Charge & spin density waves

Charge density waves (CDWs) are broken symmetry states of mostly strongly anisotropic quasi-one dimensional metals (see [1] for a review). As a result of a Peierls instability their ground state is a coherent superposition of electron-hole pairs which results in a periodic spatial modulation of the charge density. For a partially filled electron band, its period is in general incommensurate with the underlying lattice. In perfectly clean crystals there is then a gapless excitation branch, giving rise to an infinite conductivity at zero frequency.
The coupling of the CDW to impurities and the underlying lattice will distort its modulation and leads to a variety of interesting effects. Recently we found a new type of disorder driven roughening transition between two phases which are either dominated by impurity or disorder pinning [2].
We were also interested in the anorganic material CuGeO₃, which shows a Spin-Peierls transition and an commensurate-incommensurate transition for increasing magnetic field at low temperatures [3].

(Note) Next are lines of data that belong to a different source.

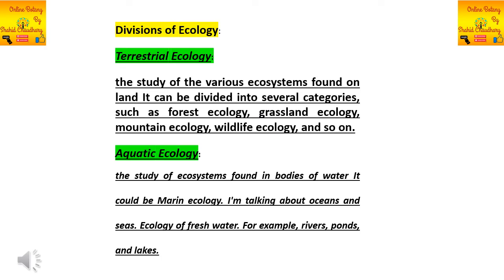Hello, Assalamu Alaikum. Today we are going to start another topic of plant ecology. First of all, we discuss what are the basic divisions of ecology. We know that there are two basic divisions of ecology: the first is terrestrial ecology and the other is aquatic ecology. These are the basic and very important regions of ecology.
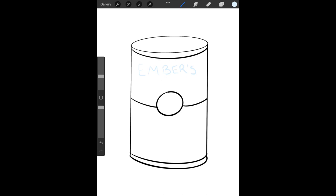I'm going to write my name lightly at the top, and then I'm going to write what kind of soup it is. My can is tomato. What kind of soup will you have in your can? And then I'm going to write the word soup underneath.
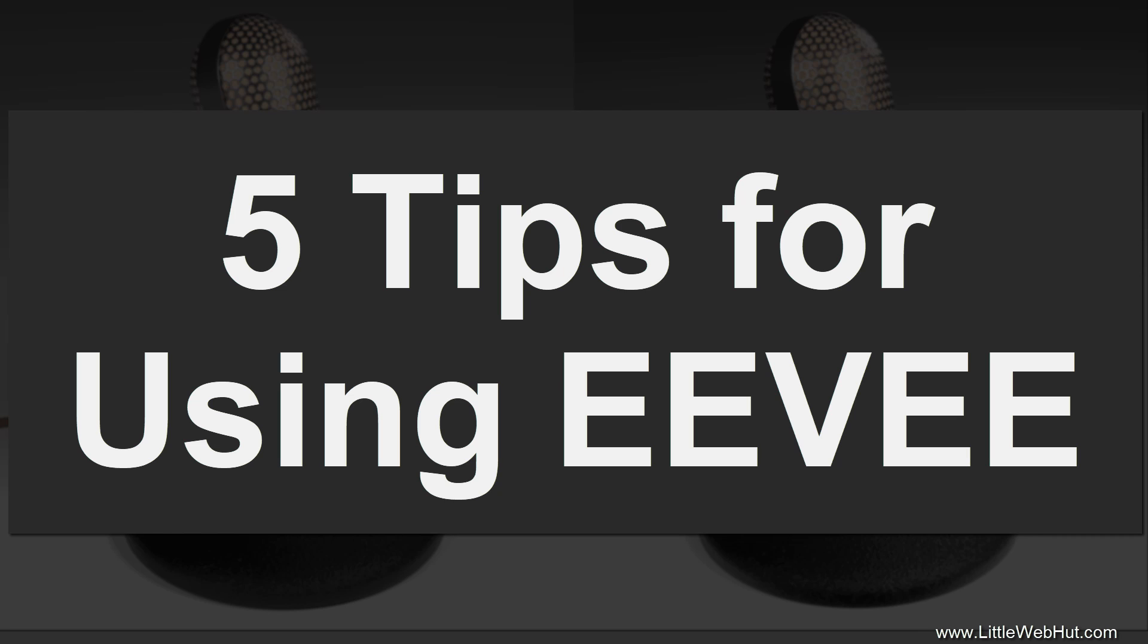In this Blender video, I'm going to give you 5 tips for using Eevee. Eevee is a render engine included with Blender version 2.8 that renders very quickly and produces great results.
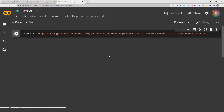Hello everyone, welcome to my YouTube channel. My name is Evidence, and in today's video I'm going to show you how to split your data into train, test, and validation datasets.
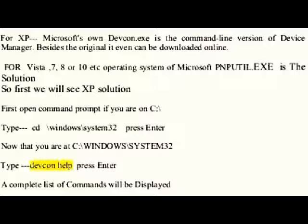Besides the original, it can even be downloaded online. First, open Command Prompt. If you are on C drive, type 'cd \windows\system32' and press Enter. Now that you are at C:\Windows\System32, type 'devcon help' and press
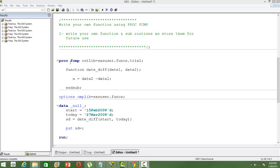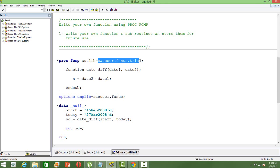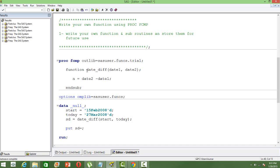The syntax is PROC FCMP outleaf, where we need to mention the library. SAS user is the library where the function is going to be stored. Then the keyword function is used, followed by the name of the function. Here we are writing a function that calculates the difference between two dates in terms of number of days.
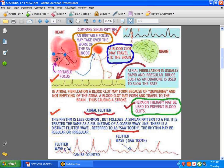In atrial fibrillation, there is no P wave, which means the atria did not contract. What we have in essence is a coarse, wavy line followed by a QRS — coarse wavy line, QRS, coarse wavy line — and it's very irregular.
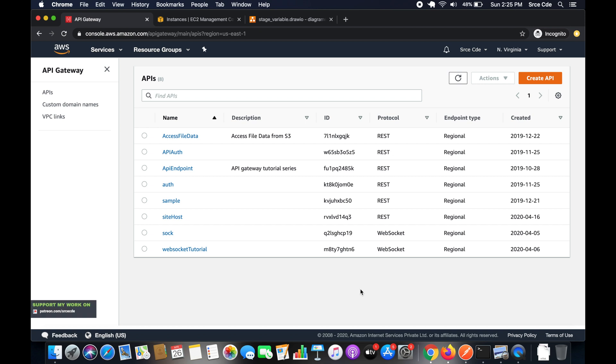What's up guys, I'm Chirag and welcome to part 18 of the tutorial series on Amazon API Gateway. In this tutorial I will take you through how to invoke the Lambda function or the Lambda backend integration with respect to the stage variables. At a high level I will show you how we can use stage variables to invoke the relevant or respective backend integration with the given method under a defined resource.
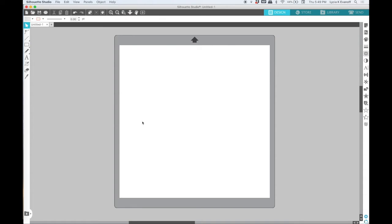Hey, it's Leisha from Caught by Design. Today I'd like to show you a little bit about the drawing tools in Silhouette Studio.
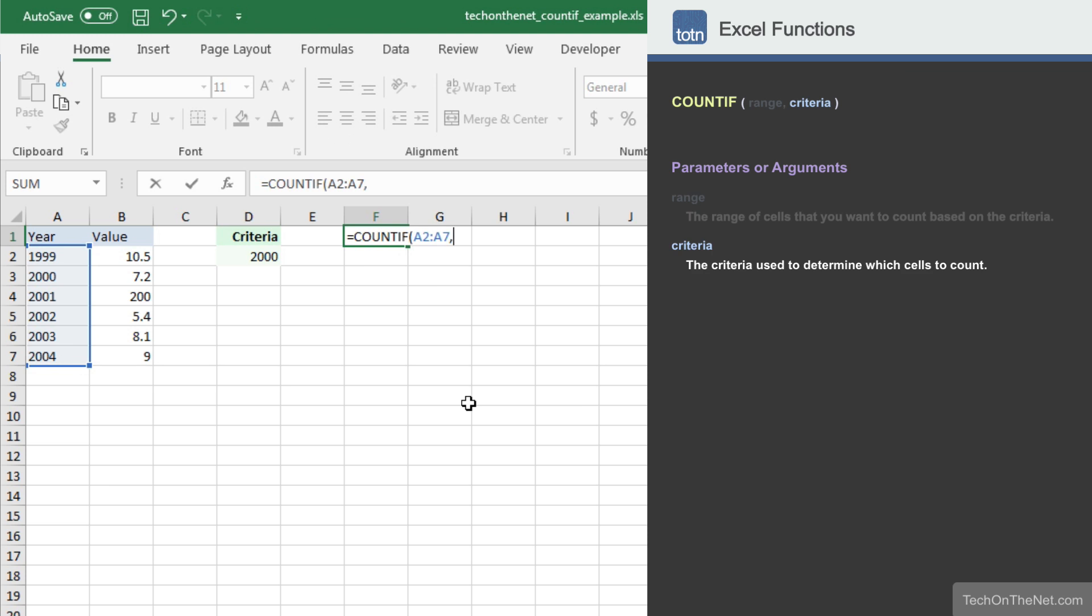The second parameter we will need to enter is the criteria that will be applied against the range A2 to A7. This criteria can either be a value or the reference to a cell that contains a value. In our example, we will enter D2, which contains the value 2000.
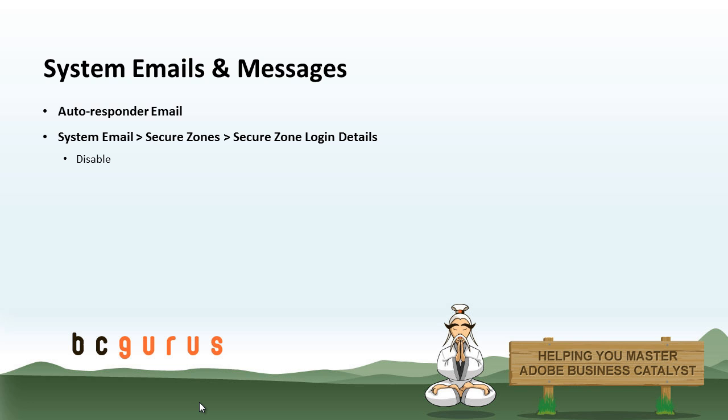And then we will be reviewing how to set up system emails and messages, the autoresponder and the other messages that are sent to the user when they create an account.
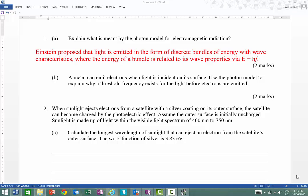Hi, Mr Bennett here. Today we're going to be looking at some questions to do with the photoelectric effect. So the first one here: explain what's meant by the photon model for electromagnetic radiation.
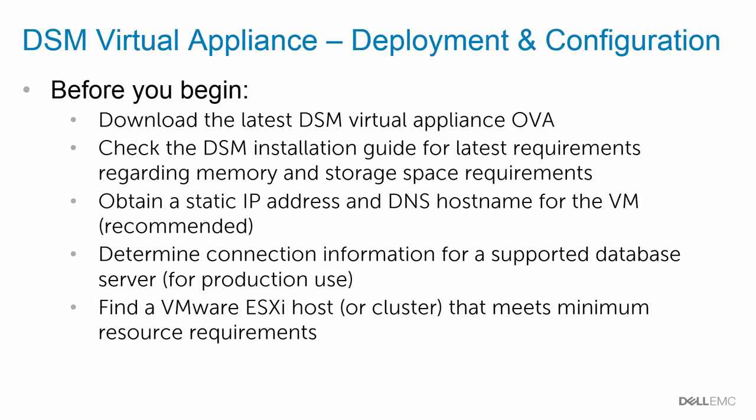When you are deploying and configuring a DSM Virtual Appliance, here's some tips and things you should gather before you begin. First, download the latest DSM Virtual Appliance OVA from Dell.com. Second, check the DSM Installation Guide for the latest requirements regarding memory and storage space. Depending upon how many SC series arrays are configured in the environment will change how much RAM needs to be dedicated to the virtual machine.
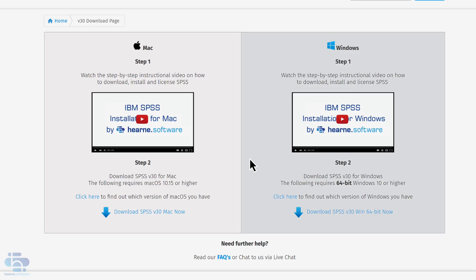This video will show you how to download, install, license, and open SPSS statistics on a Windows computer.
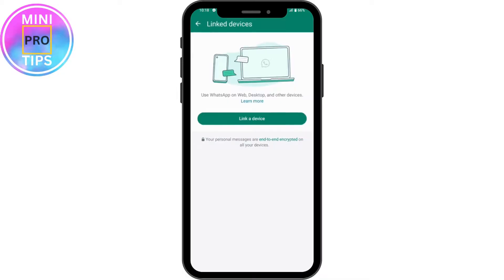You then need to scan the QR code. Once you've scanned it, you'll be logged into your account again. Other than re-logging in via Linked Devices, there is no option to fix the auto logout — after 14 days your account will be logged out automatically.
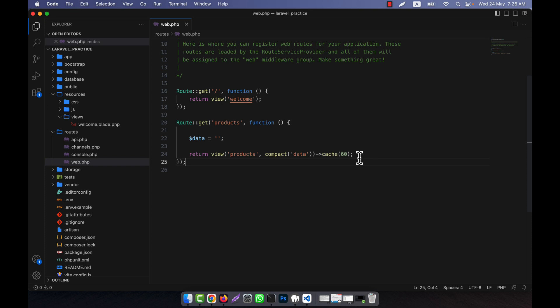You can also manually clear the cache before that. I hope you have understood using the caching process in the case of view.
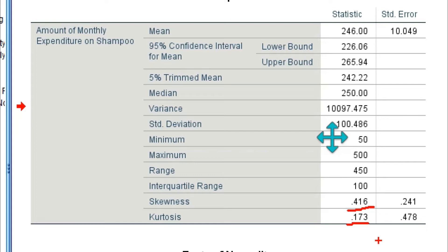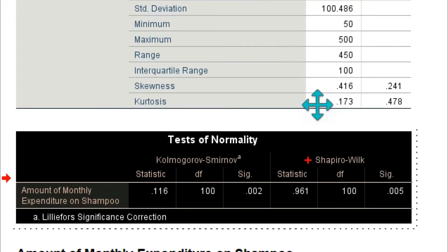In the Tests of Normality table, look at the Kolmogorov-Smirnov test. The sig value is 0.002. If the sig value is less than 0.05, the data is not normally distributed. In our case, the sig value is 0.002, so the data is not normally distributed.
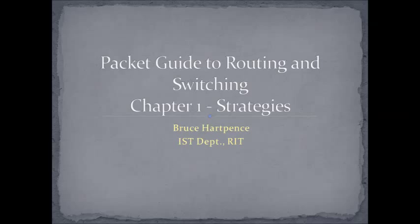Good afternoon, friends and neighbors. Happy Friday to you. This is Bruce Harpence coming to you live from the launch of iPhone 13 with another networking video this week. And the series coming up will be from the Packet Guide to Routing and Switching. So we're going to be talking about a lot of stuff that has to do with forwarding packets or frames from one place to another.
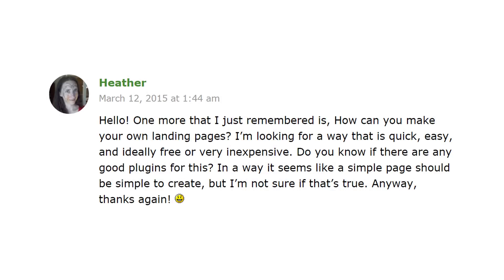Heather asks: how can you make your own landing pages? She's looking for a way that is quick, easy, and ideally free or very inexpensive, and wants to know if there are any good plugins for this.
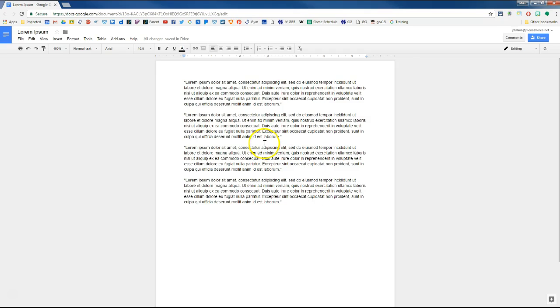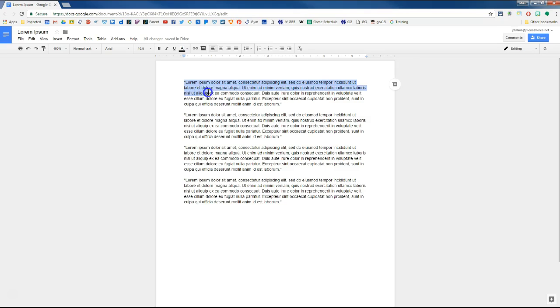So I just have some filler text here. So most people, you know, do the click and drag to highlight some text. But once in a while I find a tricky area where it accidentally selects more or less than what I actually want.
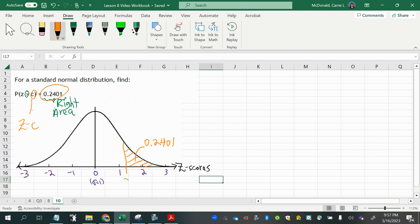Now, it's this value right here, which is a z-score really. C is just a placeholder. And I want to find out what that is. I can see that it's positive because it's to the right of 0. So I know I can look up an area in the positive z-score table and work my way backward to find the z-score on the outside of the table.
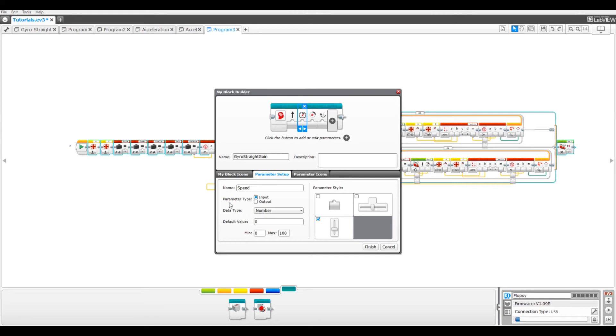When we programmed in the tutorial the GyroStraight gain my block, we had it set up to where you would put a negative speed in, which wouldn't work. So, setting this minimum to zero will prevent you from doing that.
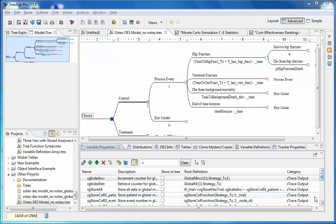In summary, this demonstration has provided an overview of the elements of a discrete event simulation model. Specifically, the node types, the keywords, the model structure, model flow, and using distributions. We have also shown how to analyze the model and the key outputs to look at. Thank you for watching this demonstration by TreeAge Software.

A very similar picture is found for other incommensurate structures like spin density waves in anisotropic metals, mass density waves in superionic conductors, polarization density waves in incommensurate ferroelectrics etc.. More recently, the ground state of a two-dimensional system of interacting electrons in intermediate magnetic fields has been proposed to be a CDW. We have examined this system in the framework of a Chern-Simons-Ginzburg -Landau theory [4].